>>>

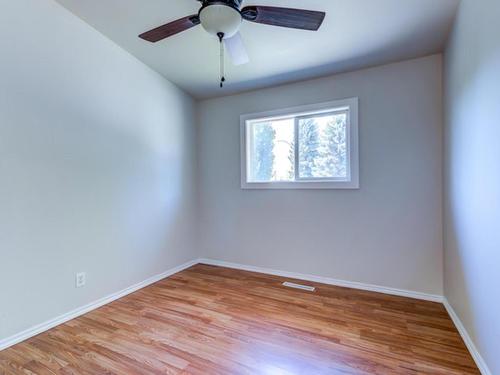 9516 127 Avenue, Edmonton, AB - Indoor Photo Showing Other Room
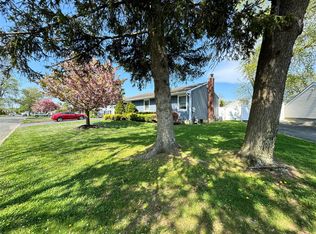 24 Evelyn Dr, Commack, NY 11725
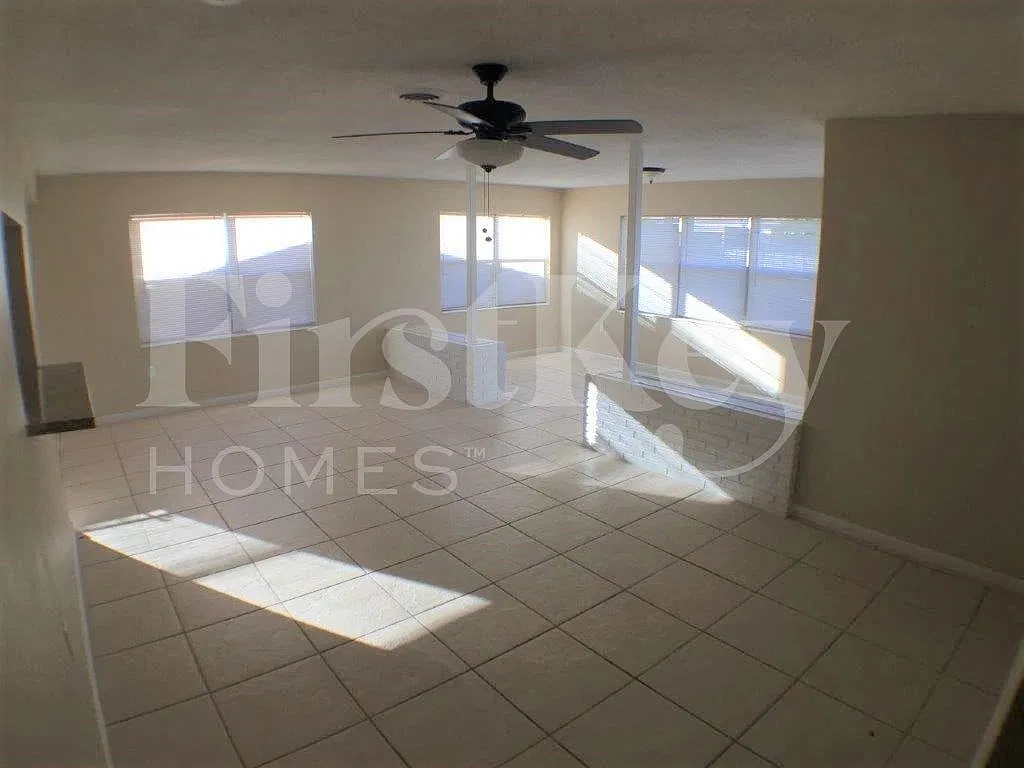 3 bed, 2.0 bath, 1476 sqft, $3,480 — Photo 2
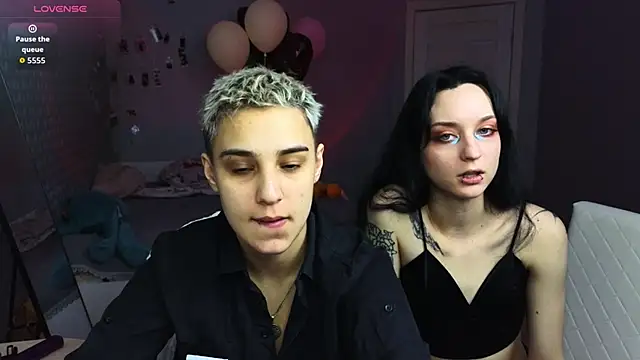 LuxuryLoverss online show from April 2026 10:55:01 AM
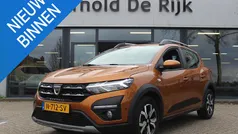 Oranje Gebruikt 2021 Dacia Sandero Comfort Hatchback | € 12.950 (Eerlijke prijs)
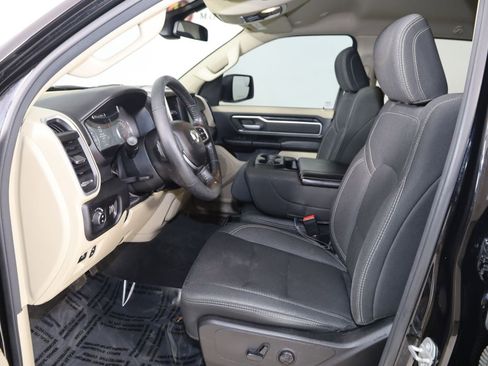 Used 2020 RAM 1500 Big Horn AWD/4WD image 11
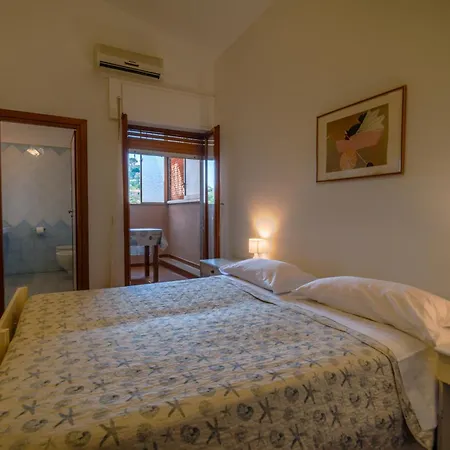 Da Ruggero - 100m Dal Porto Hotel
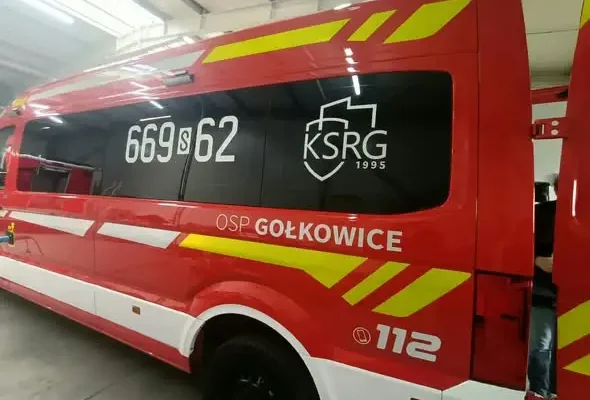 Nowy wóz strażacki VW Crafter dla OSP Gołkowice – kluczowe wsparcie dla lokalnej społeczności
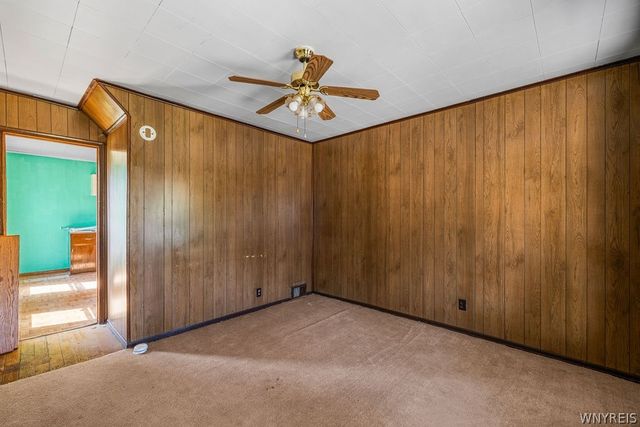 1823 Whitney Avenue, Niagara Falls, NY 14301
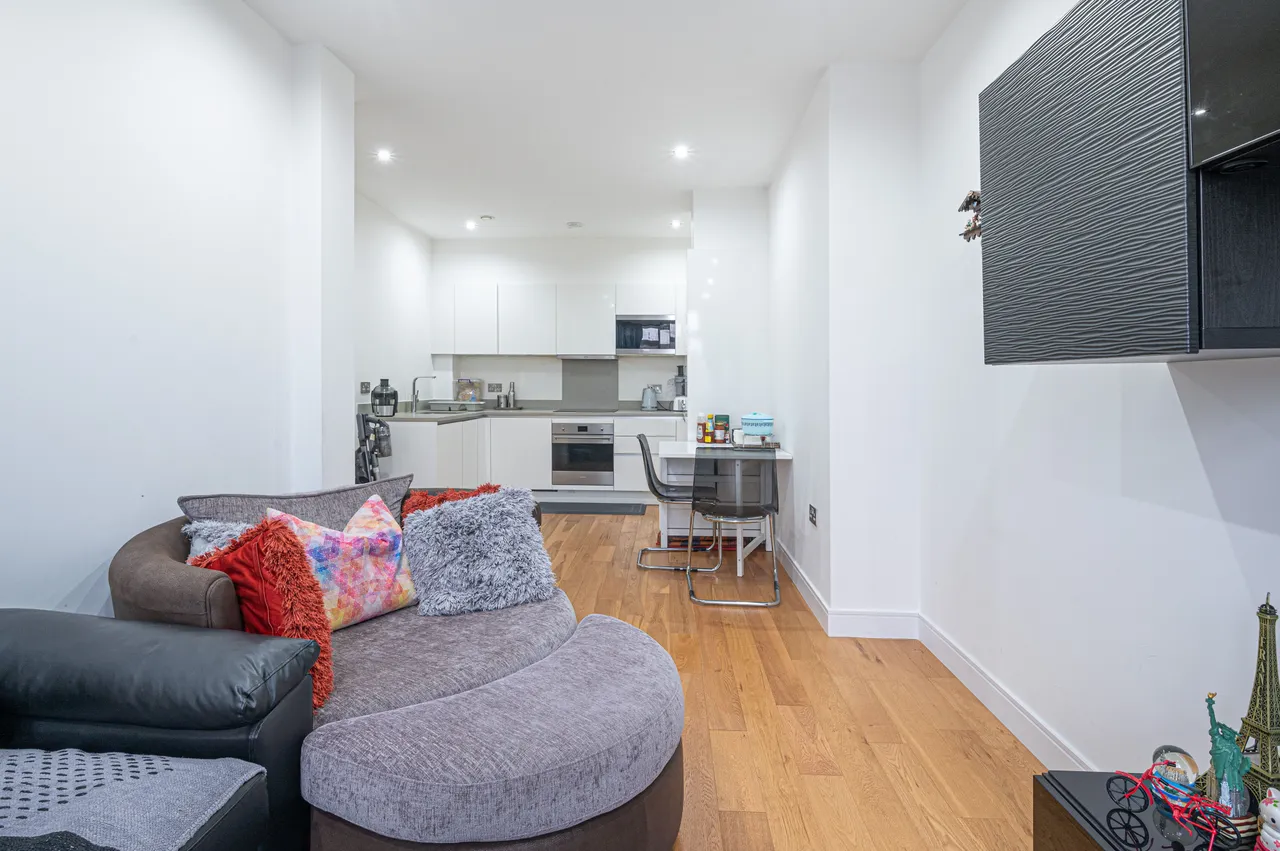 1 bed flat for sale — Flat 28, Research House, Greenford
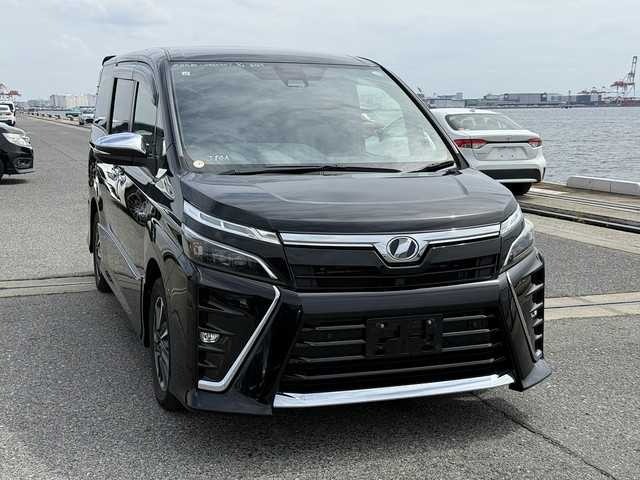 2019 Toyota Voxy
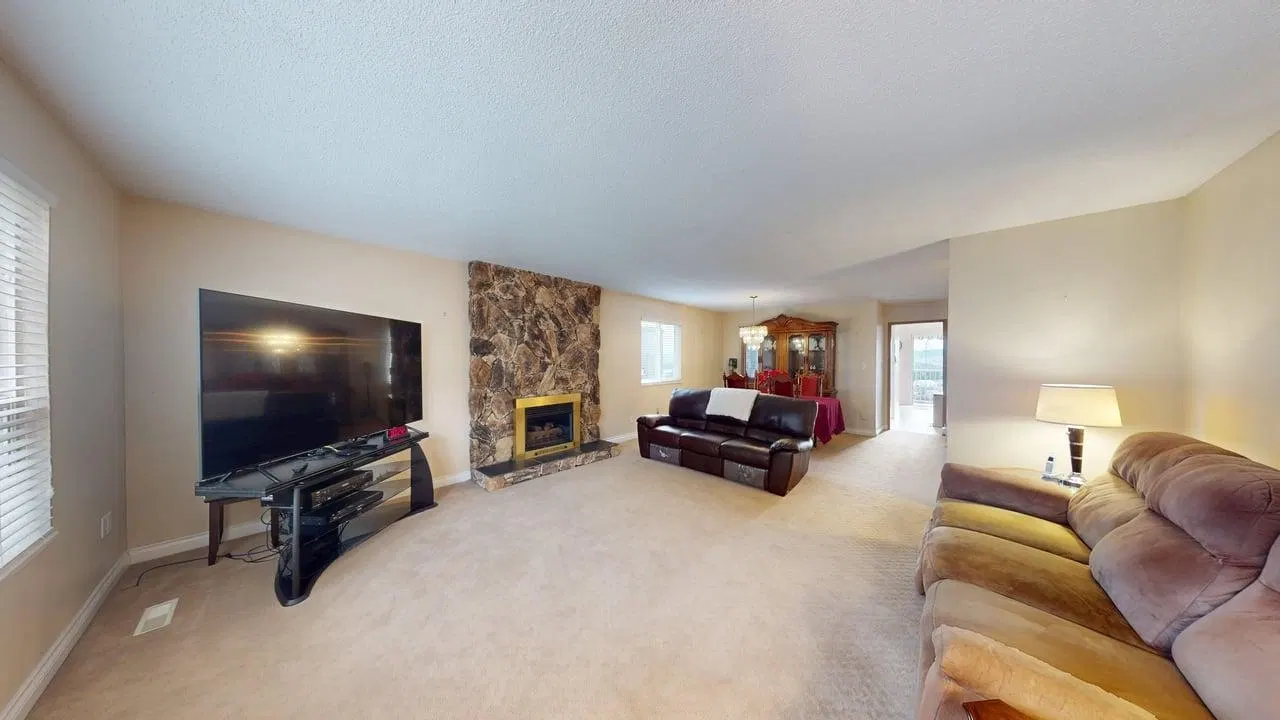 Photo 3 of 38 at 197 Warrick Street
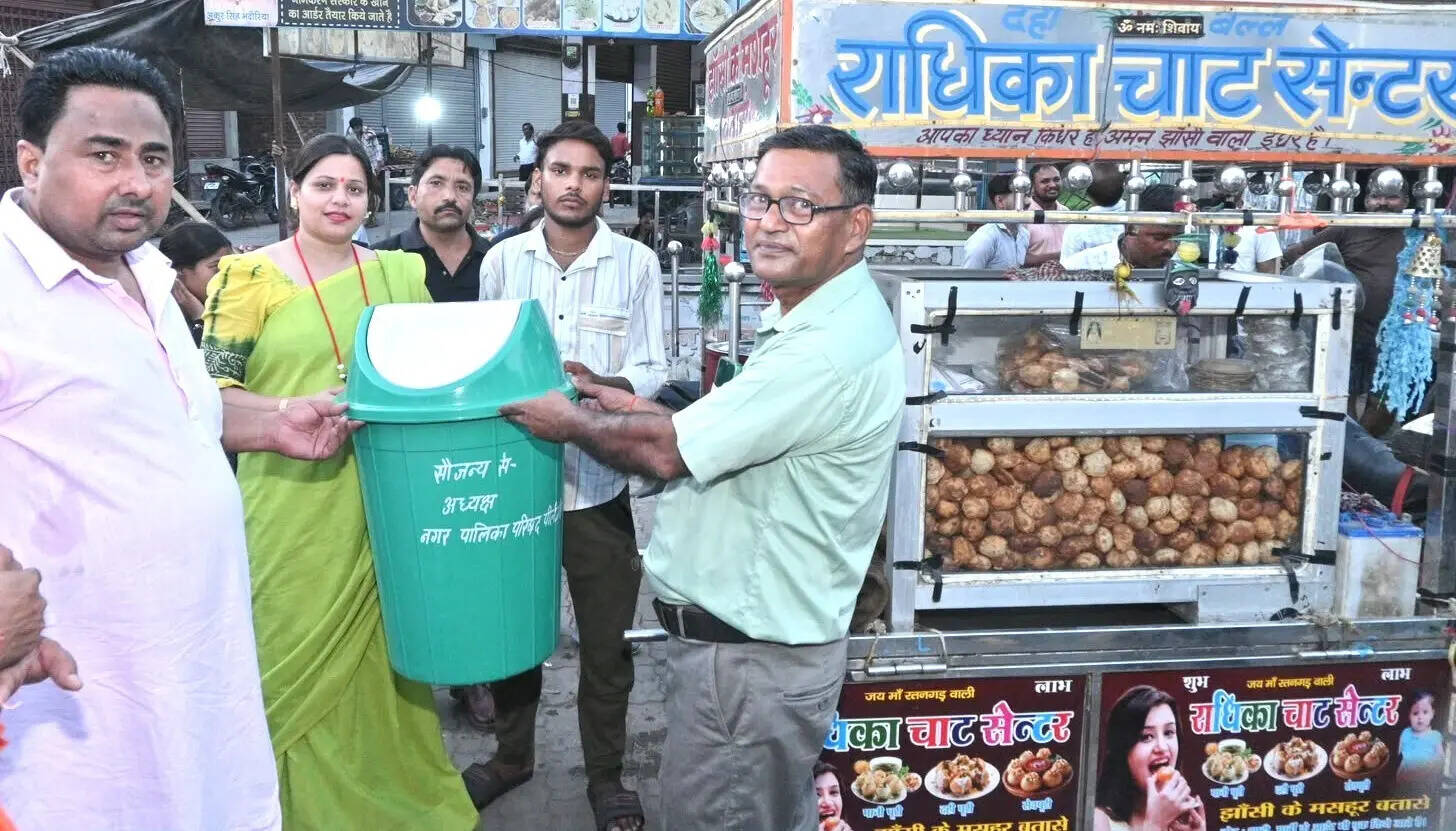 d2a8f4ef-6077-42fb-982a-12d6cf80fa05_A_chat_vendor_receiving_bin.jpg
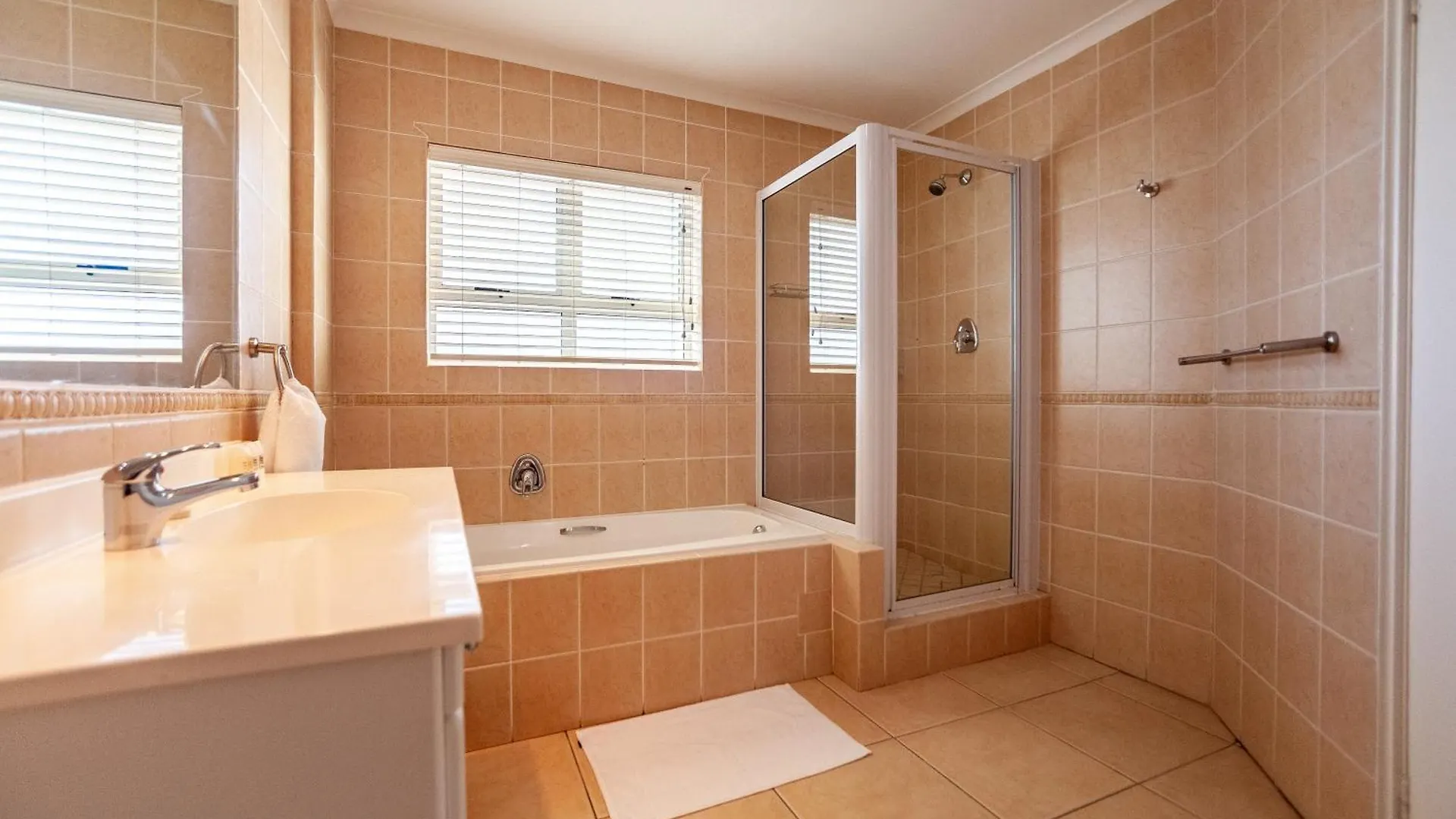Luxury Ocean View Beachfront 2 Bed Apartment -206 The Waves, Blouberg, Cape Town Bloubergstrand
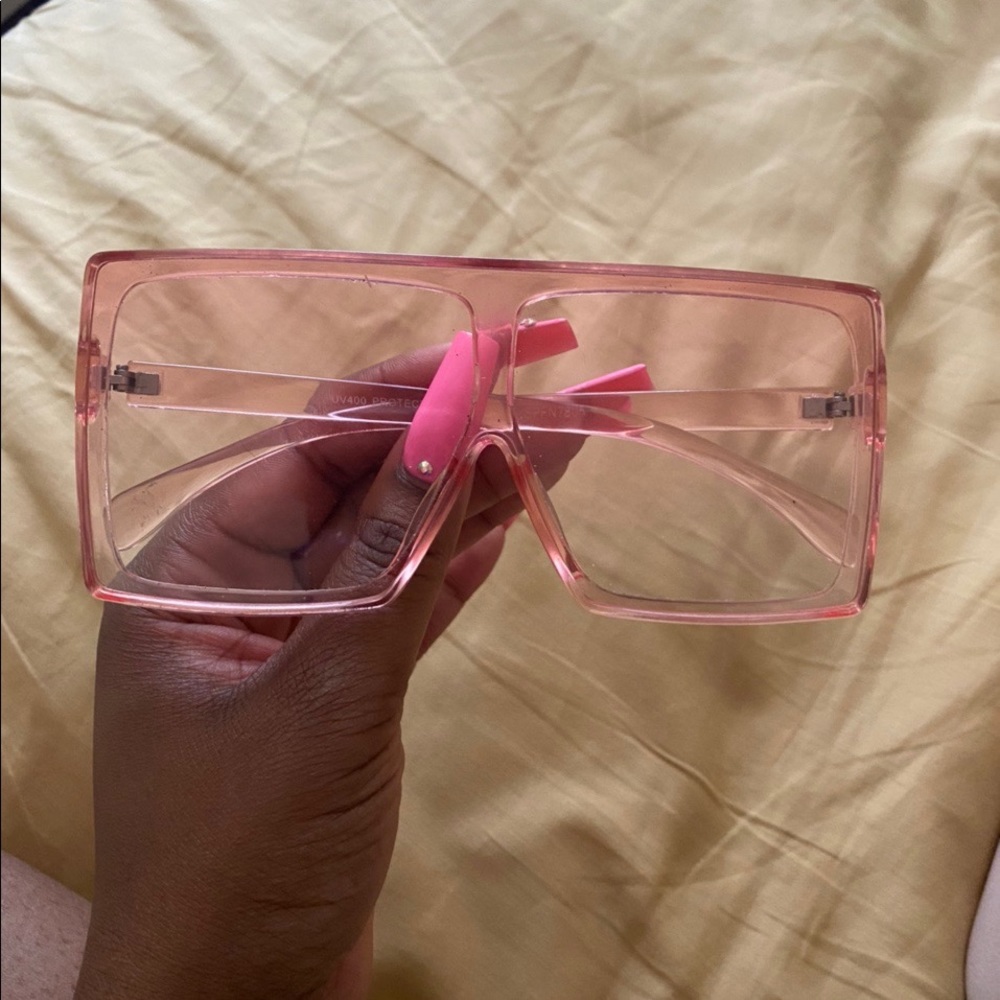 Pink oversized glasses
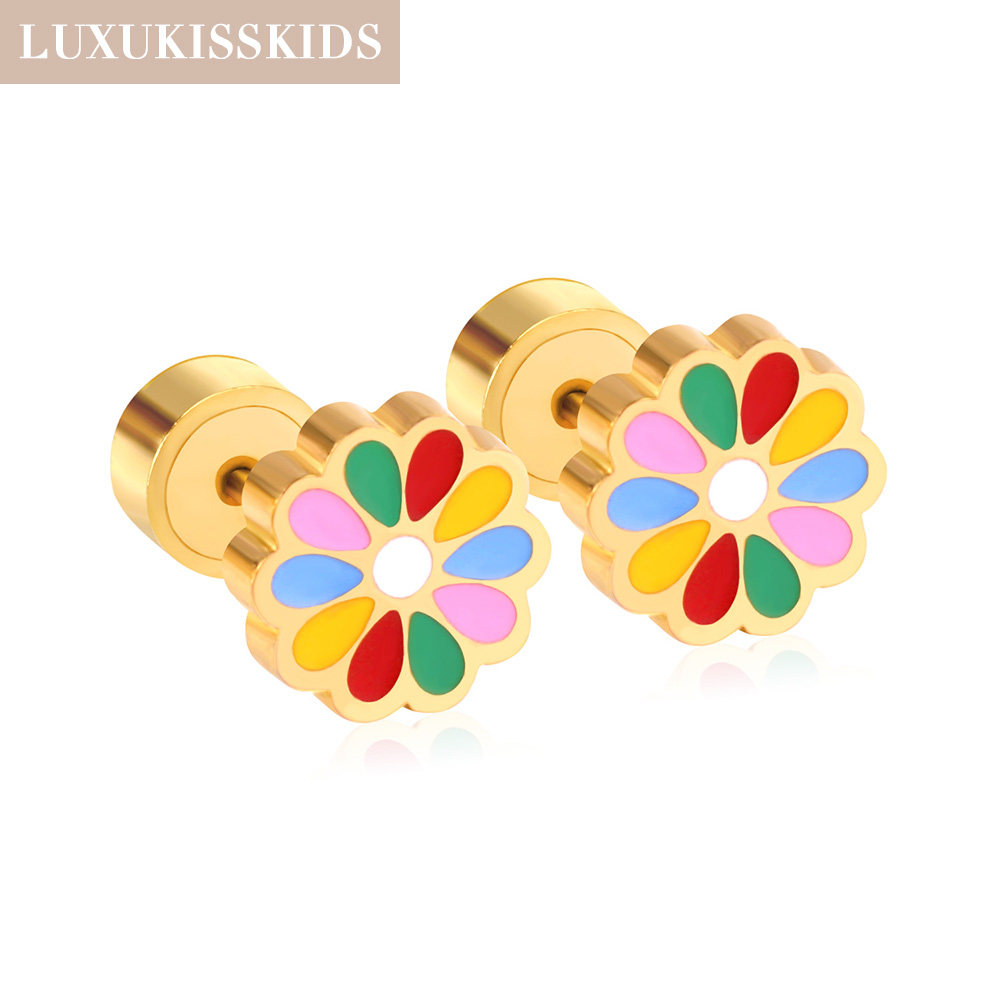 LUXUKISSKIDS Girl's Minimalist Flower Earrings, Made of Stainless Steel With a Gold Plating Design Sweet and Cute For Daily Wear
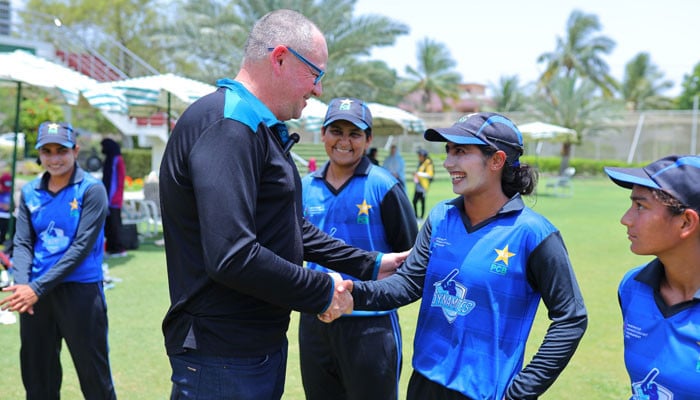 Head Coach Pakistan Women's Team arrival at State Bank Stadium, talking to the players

<<<

Starting with the opening line of the listing, write out each line exactly until the line that contains "Da Ruggero - 100m Dal Porto Hotel" has been included; skip the pictures.

■ Exercise response:
 9516 127 Avenue, Edmonton, AB - Indoor Photo Showing Other Room
 24 Evelyn Dr, Commack, NY 11725
 3 bed, 2.0 bath, 1476 sqft, $3,480 — Photo 2
 LuxuryLoverss online show from April 2026 10:55:01 AM
 Oranje Gebruikt 2021 Dacia Sandero Comfort Hatchback | € 12.950 (Eerlijke prijs)
 Used 2020 RAM 1500 Big Horn AWD/4WD image 11
 Da Ruggero - 100m Dal Porto Hotel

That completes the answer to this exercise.